Start of AVAILABLE DATA
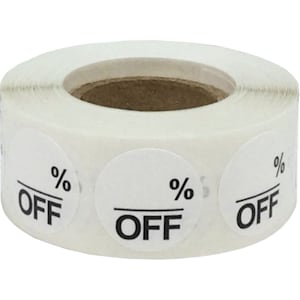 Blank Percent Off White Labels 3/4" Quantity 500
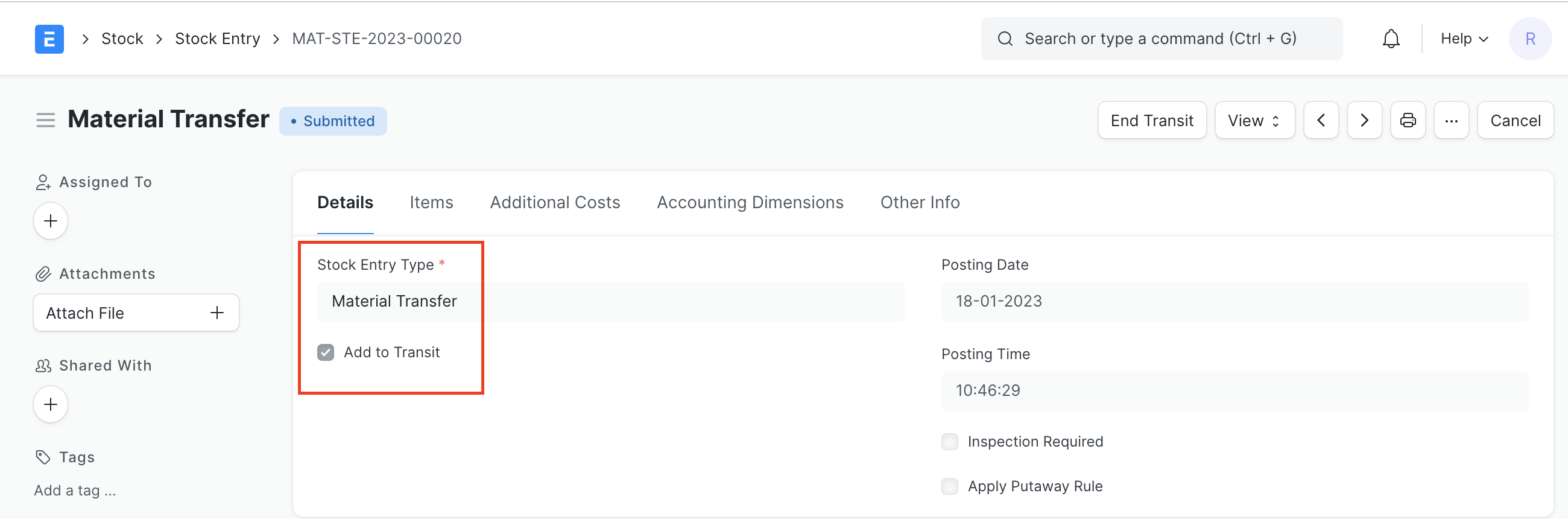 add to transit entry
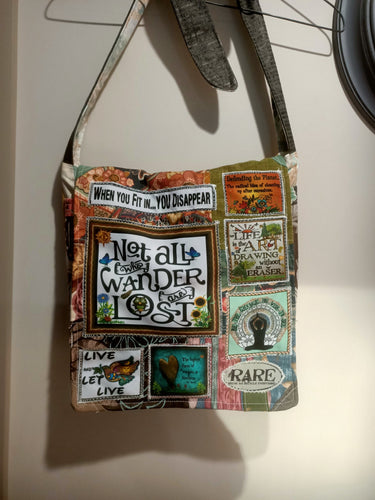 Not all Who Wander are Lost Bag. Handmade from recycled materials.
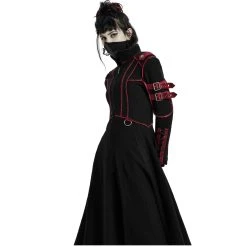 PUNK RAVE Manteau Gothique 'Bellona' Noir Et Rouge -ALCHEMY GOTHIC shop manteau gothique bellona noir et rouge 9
End of AVAILABLE DATA
### [WHAT YOU WILL DO]
Produce an exact copy of each line of data, skipping embedded images.

### [YOUR SOLUTION]
 Blank Percent Off White Labels 3/4" Quantity 500
 add to transit entry
 Not all Who Wander are Lost Bag. Handmade from recycled materials.
 PUNK RAVE Manteau Gothique 'Bellona' Noir Et Rouge -ALCHEMY GOTHIC shop manteau gothique bellona noir et rouge 9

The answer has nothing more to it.